I just dont get where people get these statements from, "the most requested feature is bluray".

According to whom exactly? I had no idea that there were polls and studies focused solely on macs that are released by a trustable source.

The most requested feature of all people who go HERE:

http://www.apple.com/pro/

which is evidently someplace you've never been, because you are not a PRO, is Blu-ray.

If you were a PRO, you'd understand the need for Blu-ray, LAST YEAR.

:apple:
 
Ok soccer mom everyone is trying to save up once in a while here the economy sucks right now. Let it go, this reminds me of anti abortion protestors ;)

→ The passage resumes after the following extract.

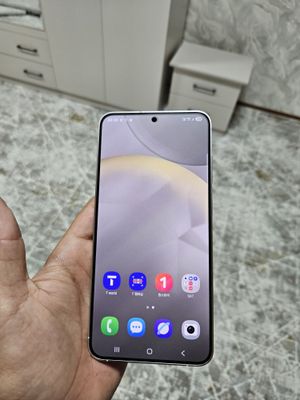 Samsung s24 plus white titanium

actually the encoomy is picking up.

Second, if I recall, you must provide some sort of proff. You can't go around braging on your myspace, facebook or twitters page "look at me, i lied to get a mac for 5-10% less! hehehehe :rolleyes:
 
actually the encoomy is picking up.

Second, if I recall, you must provide some sort of proff. You can't go around braging on your myspace, facebook or twitters page "look at me, i lied to get a mac for 5-10% less! hehehehe :rolleyes:

Only for the student discount. You can access the education store for education discount from any computer.

Or you could further expand your knowledge at any age via an open university course and be officially deemed a uni student :). £10 for an NUS card here in the UK and you save at least £100 on your mac. :eek:
 
Whats on my wish list......


5) Cheaper(subtract $100-$200
6) Built-in-battery & surge protector(for blackouts)
7) New, thinner design with less chin, less desk space wasted, more adjustable
...
9) SSDs standard

Well, thats about it...... hey, if they made this, they would have the best consumer computer ever. I'd buy one...:p

SG :apple:

Cheaper yes please although arround here currency price should make that happen but two fold even better.

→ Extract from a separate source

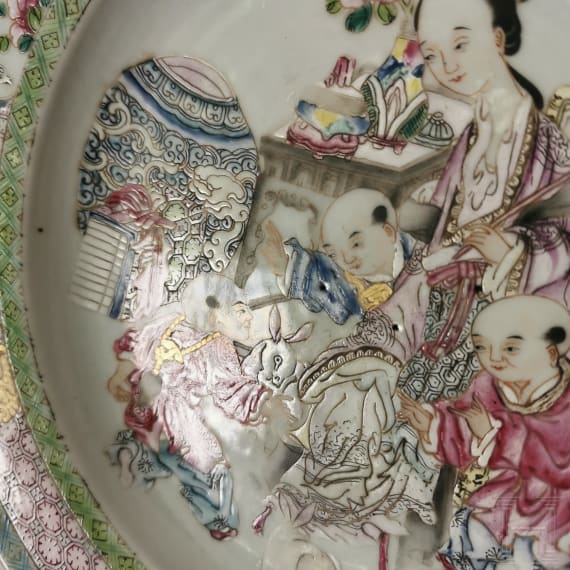 Famille-Rose-Teller, China, wohl Yongzheng-Periode (1723-35)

Battery again yes please I know most people just don't understand why but it has lots of advantages and it doesn't need to gives us much time just some.

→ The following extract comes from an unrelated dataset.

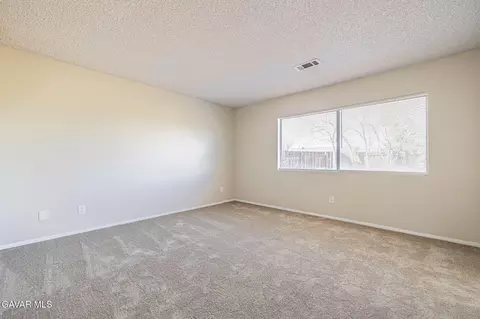Bedroom - 1129 Lightcap St, Lancaster, CA 93535 photo 3 of 6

New design is due in the cycle less chin and get the lower edge of the screen lower to the desk, or height adjustable.

SSDs don't understand the hype personally can't see it being anything other that BTO
 
Re: People who don't get blu-ray are

  1. kids. They are too young to understand it. They never even experienced VHS, grew up in the early DVD era. They think VHS tapes are from their grandparents days.
  2. High school/college drop outs
  3. People who can't even afford it. they want it, but are upset because they can't afford it, so they have a little attitude problem.
  4. people who have no clue whats so ever what goes on in the world. they wake up and say "theres a new formatt. I've still beein using cassette tapes. Whats the deal with this "iPod" and why does it have a large screen with no buttons.... (or god forbid wake up and hear news on a terror plot and 9/11 is menton and they ask "whats 9/11" :confused:)

I totally agree with you on that. For me personally, I'm waiting out blu-ray because I don't currently have an LCD TV.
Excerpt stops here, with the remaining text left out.